Geochemical data from cap carbonates deposited above Cryogenian glacial deposits have been widely used to infer the conditions that prevailed in the aftermath of snowball Earth. However, the time scale over which these carbonates were deposited and the degree to which they record the chemistry of a globally well-mixed ocean have remained poorly constrained. During deglaciation, a large volume of meltwater entered the ocean, creating two distinct layers: the fresh, hot, and light upper layer, and the salty, cold, and dense lower layer. Here we estimate the ocean mixing time scale based on energetic constraints. We find that the mixing time scale is 104–105 yr, with a best estimate of ~5 x 104 yr, or up to 100 times longer than that of the modern ocean. Mixing of the surface temperature anomaly implies a delayed sea-level rise of 40–50 m associated with pure thermal expansion. This result reconciles geological, geochemical, and paleomagnetic data from basal Ediacaran cap carbonates with physical oceanographic theory.
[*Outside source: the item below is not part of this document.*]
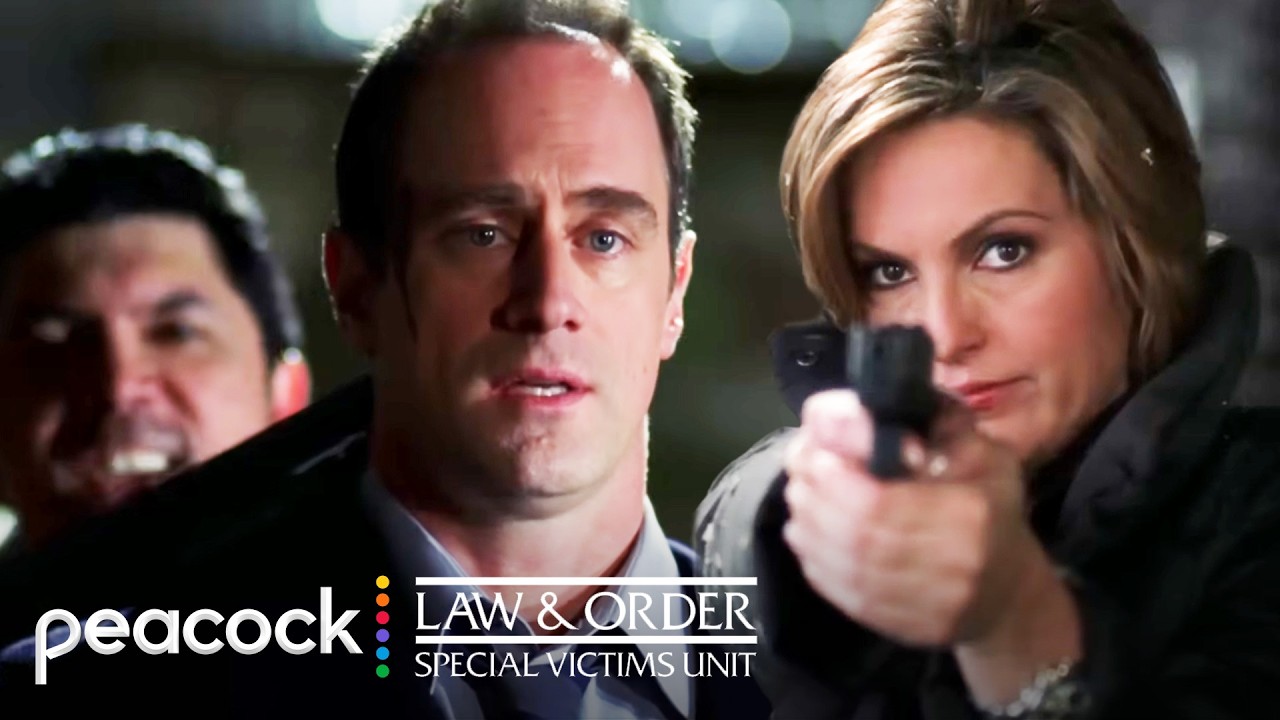SVU's Darkest Hour: Benson Stabbed, Stabler Held at Gunpoint | Law & Order: SVU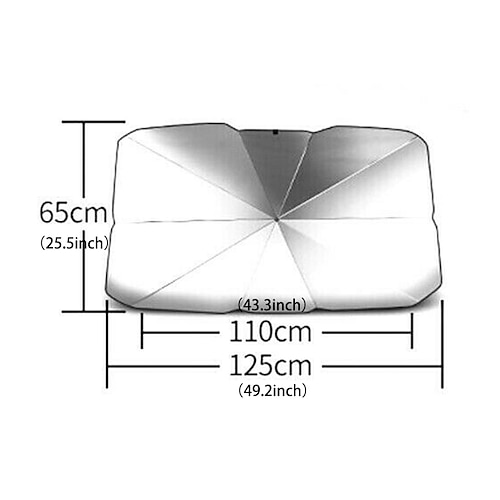 protezione solare per auto parasole parasole per finestrini anteriori auto coperture parasole per auto protezione solare per interni accessori per la protezione del parabrezza accessori per auto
In particular, our model suggests that (1) the cap dolostones formed predominantly in a freshwater environment; (2) the waters in which the dolostones formed were not well mixed with saline deep water, allowing for large geochemical differences between the cap dolostones and the deep ocean; and (3) the cap carbonate sequences formed in a two-phase transgression that lasted >104 yr, which is consistent with both local sea-level records and the preservation of magnetic excursions and reversals.